When a new comparison is made (New comparison wizard is completed), you will end up on this tab. You start the comparison by pressing ”start”. The logwindow and the statusbar will show progression of the alignment. After some initial work, the logwindow will be dominated by messages such as ”Thread=12/625 (P=13) blast producing: G8_G17.result” and ”Thread=6/625 (P=17) done: OK!”. In this case there are 625 blastcommands that needs to be run (each containing all fragments from a certain genome compared to an unfragmented sequence of another genome). The P value represents how many parallel threads are executing BLAST command. It is based on the number of processor cores reported by the system. It can be limited in the preferences page. Eventually some threads may not produce a valid blast-result file in reasonable time and then the tread is killed and that particular blast job is started again after all other threads have finished. A few restarts may be tolerable, but massive amounts of fails/restarts indicate something is wrong. After some post-processing, the logwindow will reload it contents and start with a row ”COMPLETED!”. The data can then be explored in the other tabs. The ”The Run Alignments Tab” has little function, except looking at the logfile, after the comparison has completed. The logfile can also be looked at in a text editor. It is called ”logfilecomparison.txt” and is located in the ”alignment_analysis” directory of the comparison directory.

The Included Genomes Tab

This Tab lists the genomes in the comparison. Information about the genomes can be displayed and the comparison can be modified by adding or removing genomes. The progress reporting of the modify function is not functioning properly in this beta-testing version.

The Group settings Tab

This Tab allows the included genomes to be assignes to the ”background” or the ”target” group.
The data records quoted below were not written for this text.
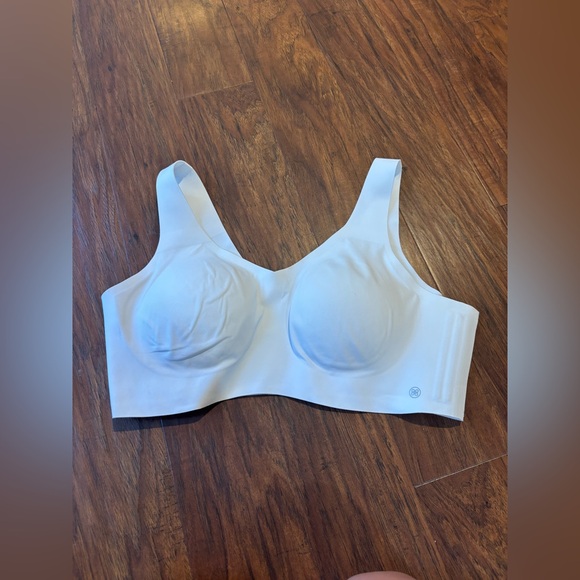 Honeylove Softform V Neck Wireless Bra White Size 2X - Picture 2 of 4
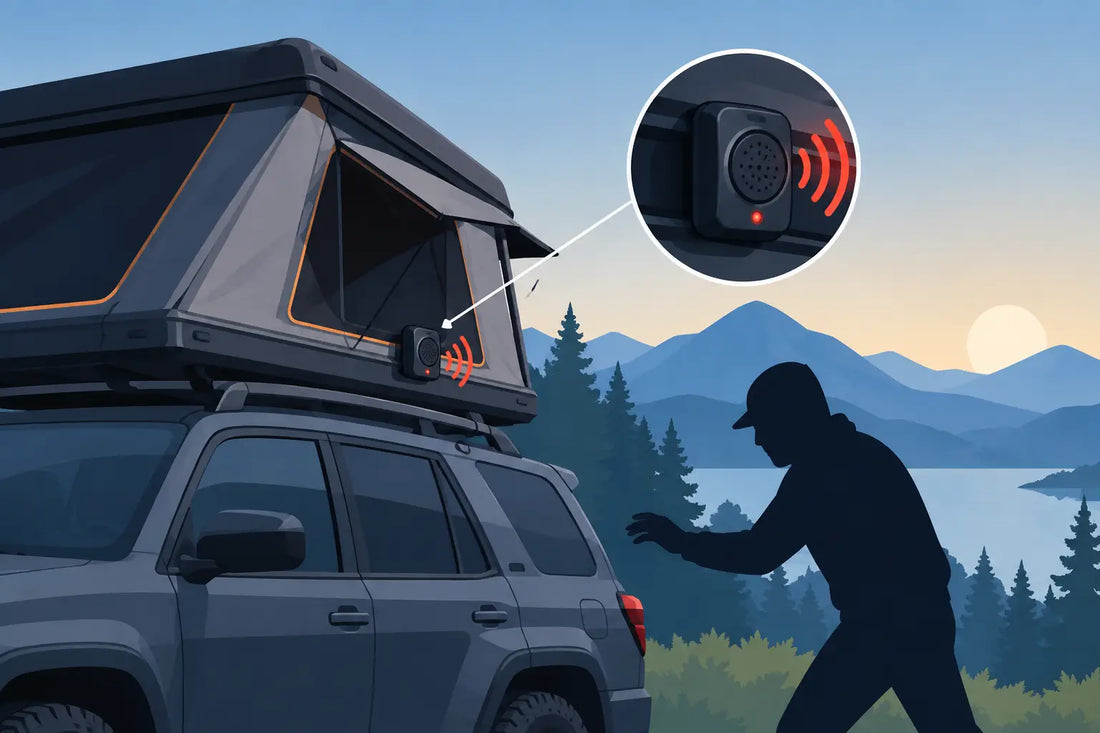 Rooftop Alarm Deterrence for Roof Tents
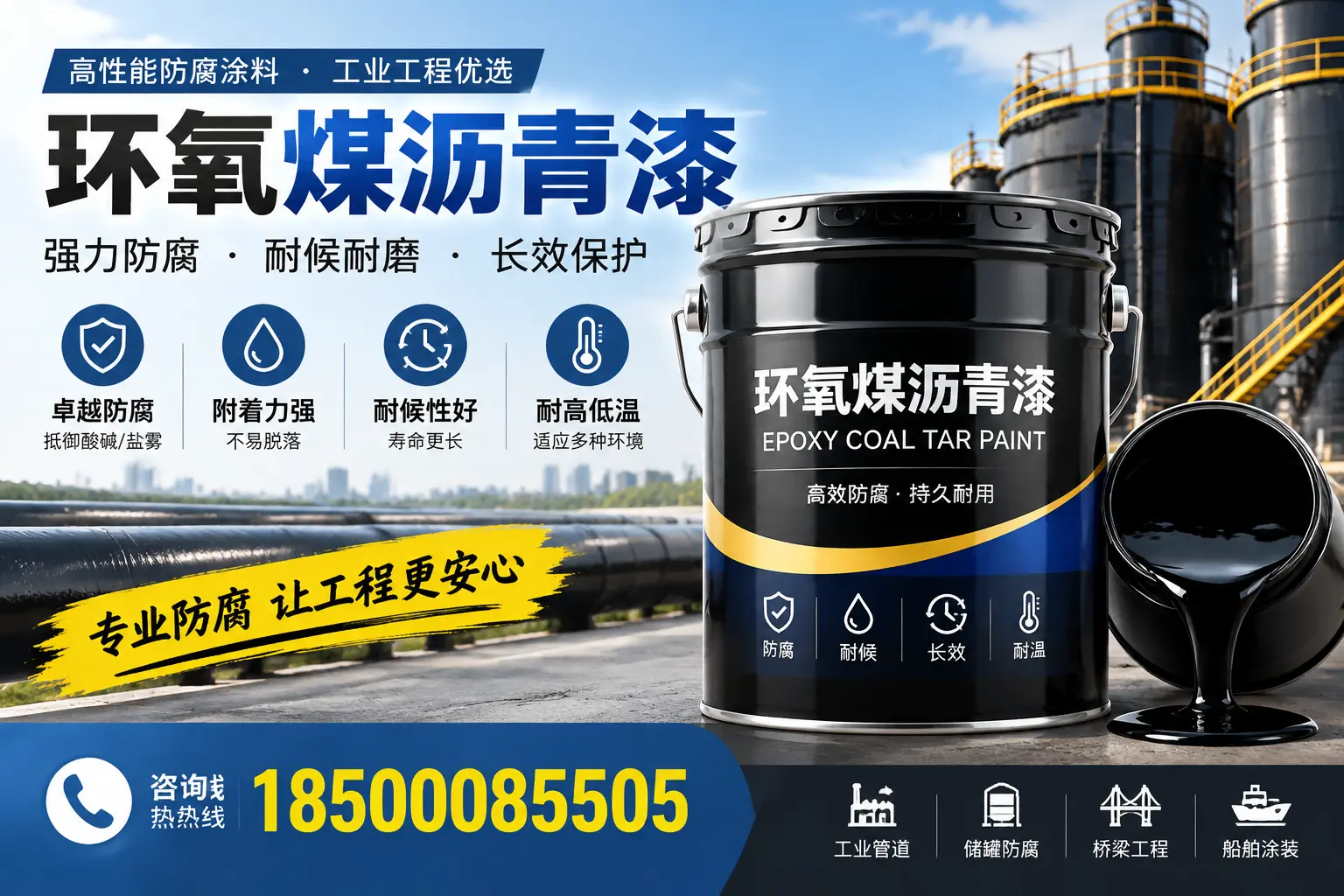 环氧煤沥青漆的施工方法与注意事项，确保在邯郸顺利完成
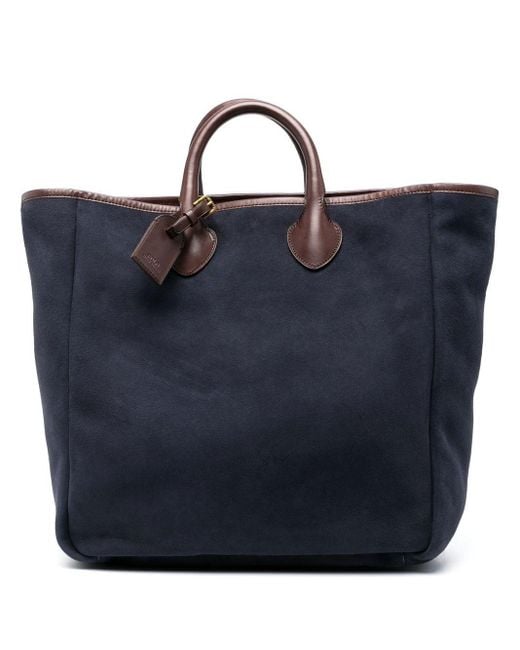 Polo Ralph Lauren Blue Suede Tote Bag for men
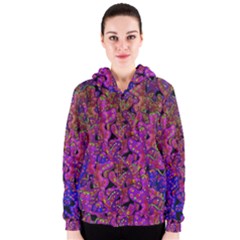 Purple Corals Women s Zipper Hoodie by Valentinaart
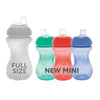 Nuby Mini Gripper No-Spill Baby Sippy Cups with Soft Spout - (3 Pack) 6 oz - 6+ Months - Red/Blue/Green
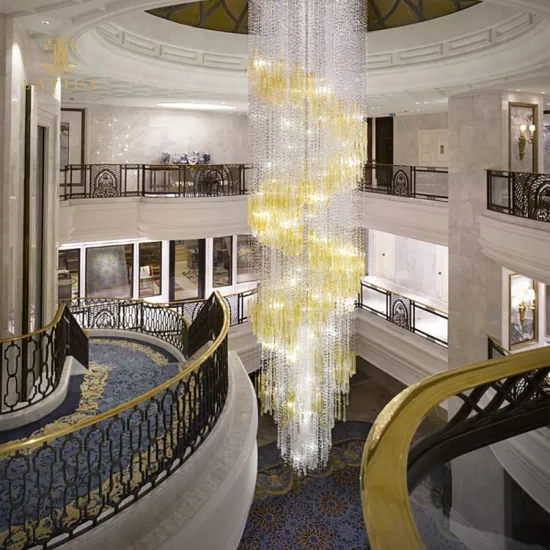 Shopping mall hall custom high luxury creative chandelier Golden yellow decoration high luxury chandelier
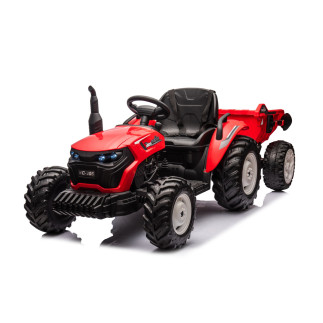 Traktor na akumulator HC-306 z przyczepą 24V czerwony EAN: 5905991061342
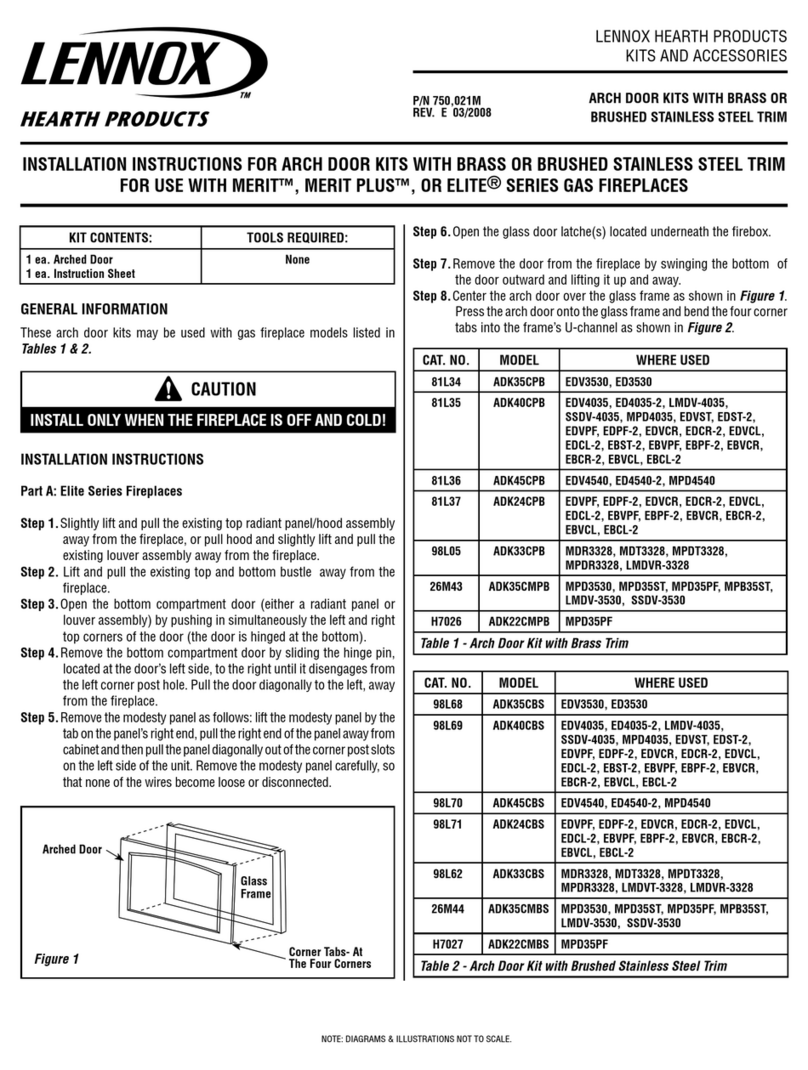 Lennox Hearth Products ADK22CMBS User manual
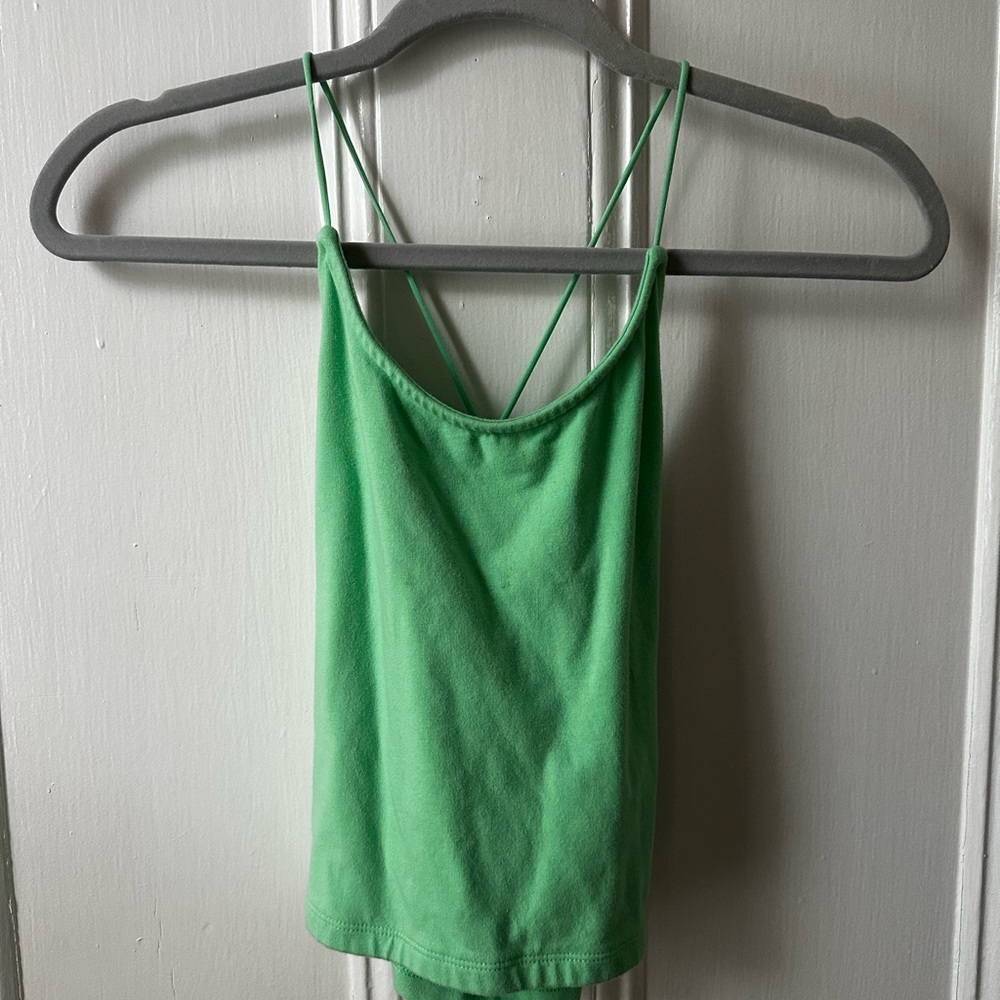 AMERICAN EAGLE STRAPPY BACK GREEN TANK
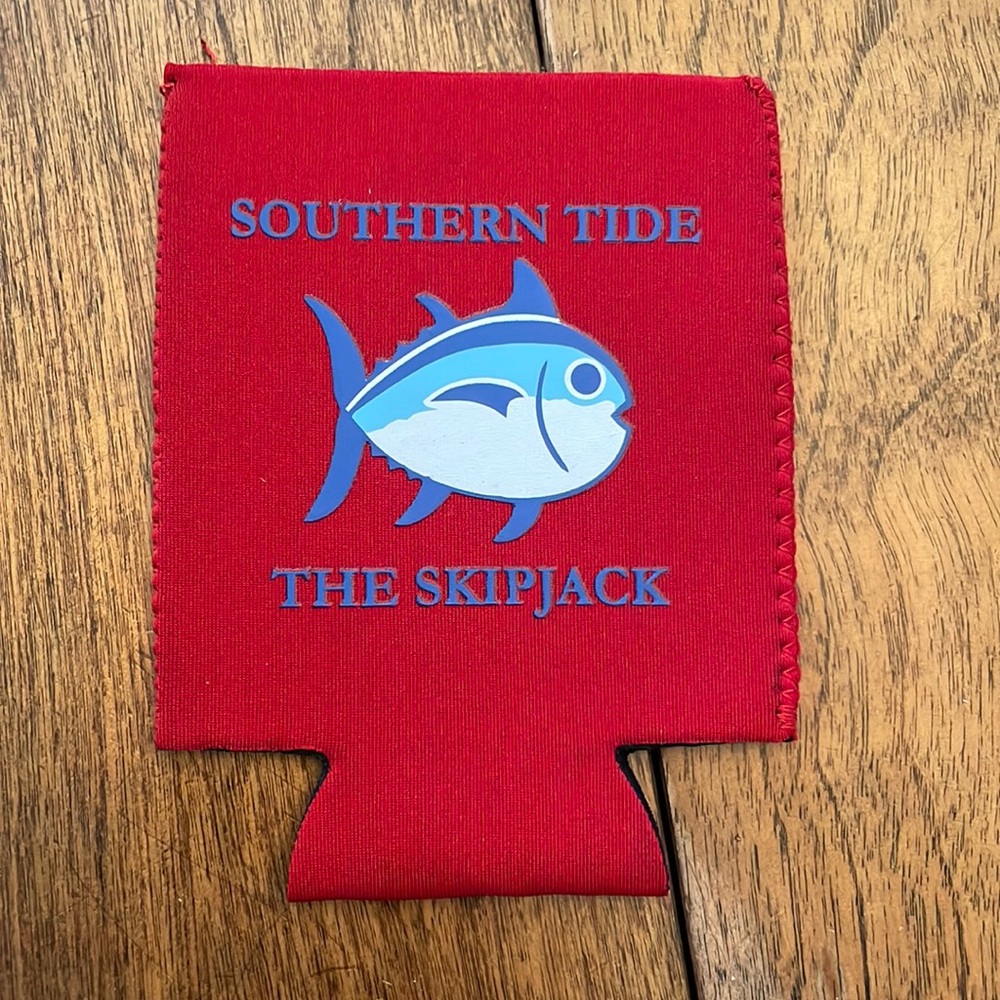 Southern Tide Koozie - Red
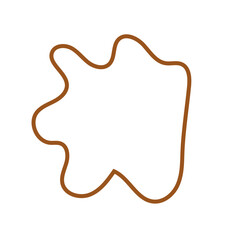 Brown Abstract Shape Outline Vectors 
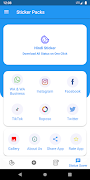 برنامه‌نما Hindi Stickers عکس از صفحه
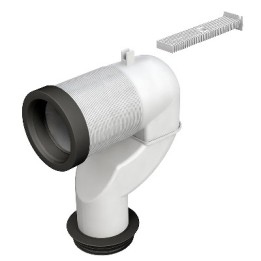 CURVA A P PER COLLEGAMENTO AL PAVIM. BRIDA IN PLASTICA Diam. 90-110 mm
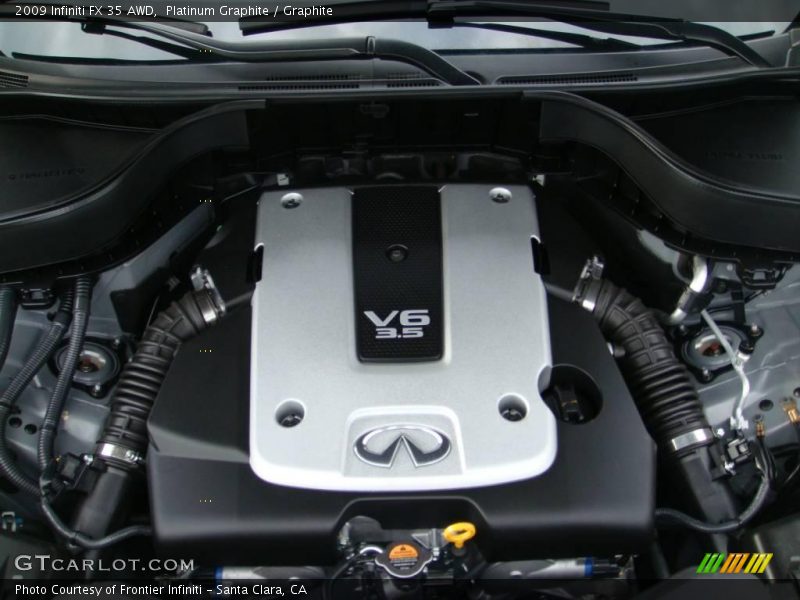 Platinum Graphite / Graphite 2009 Infiniti FX 35 AWD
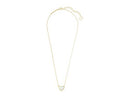 KENDRA SCOTT ARI HEART ADJUSTABLE LENGTH PENDANT NECKLACE - GOLD WHITE OPAL - Brand New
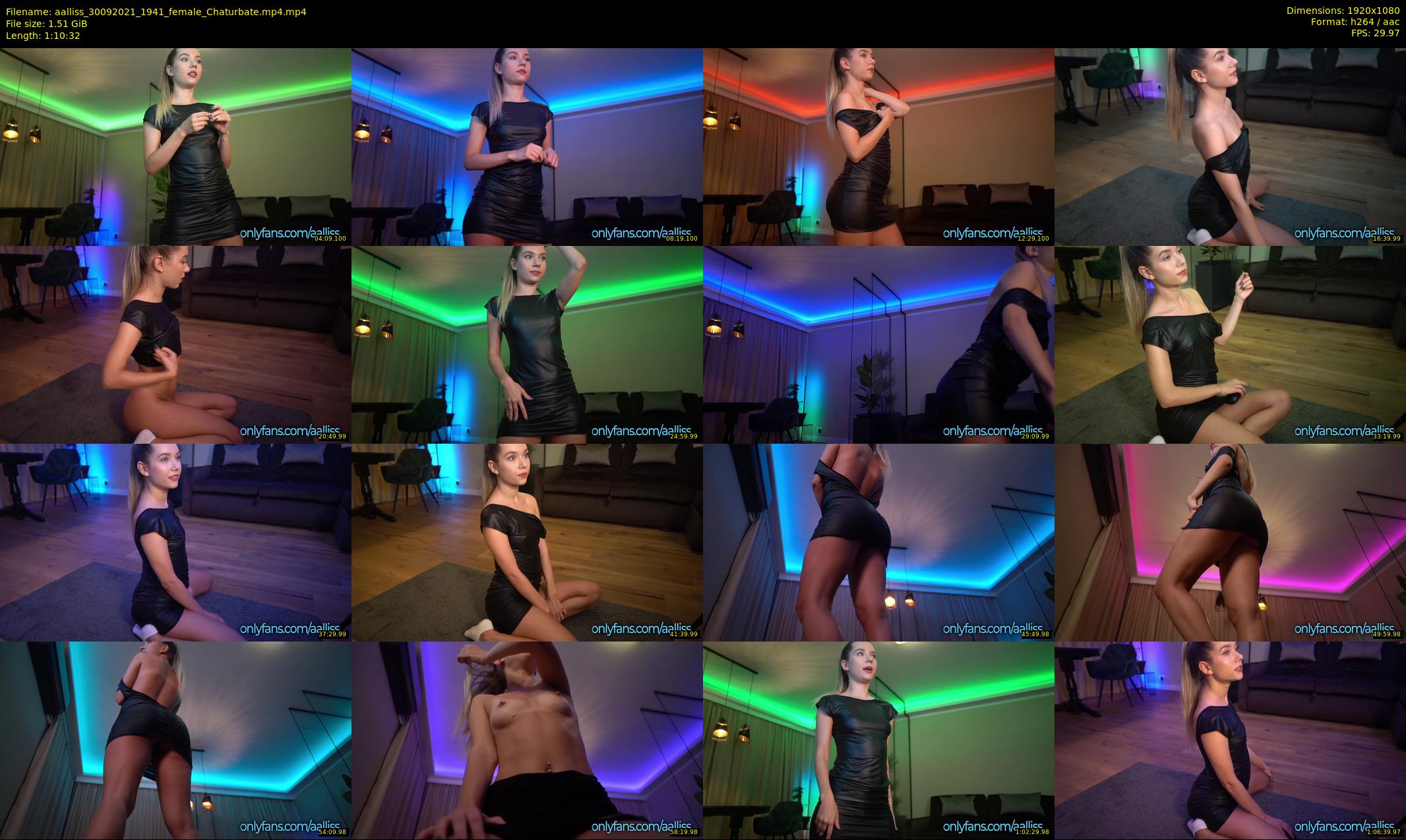 aalliss — 71 minute Chaturbate female cam show recording, 1080p, Sep 30, 2021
The Signature tabs uses this information. A signature represents what is conserved in the target but absent from the background group. A reference genome can also be selected, which will define the coordinate system when the signature is graphically plotted.

The heatmap Tab

In this tab, a heatmap based on the average fragment similarity between the genomes is displayed. The color profile can be changed and the rows/columns can be sorted by similarity. A new sort-order is given a name and stored so that it can be reloaded. Also, a threshold can be set so that the fragments with poor alignment is filtered out. This allows the ”core genomes” to be compared. However, if too much of the genome is filtered out, the data becomes unreliable. How much of the genome that is included at a certain threshold level can be investigated by changing from ”show score” to ”show core”.

The Signature graph Tab

In this tab, the selected reference genome is plotted and on top of it ”biomarker score” values are plotted above and below. (max/min) biomarker score means the max value in the background group (worst false positive) and the min value in the target group (the worst false negative) is used to calculate the score. This is most the most stringent way too look at signatures and require full conservation in the target group and no trace of the sequence in the background group for high scoring. Alternative scores based on average values can be used. If you select a single genome as the target group, you will highlight what is unique for this genome.

The Signature Table Tab

In this tab, fragments with different ranges of biomarker score can be sorted out and analyzed.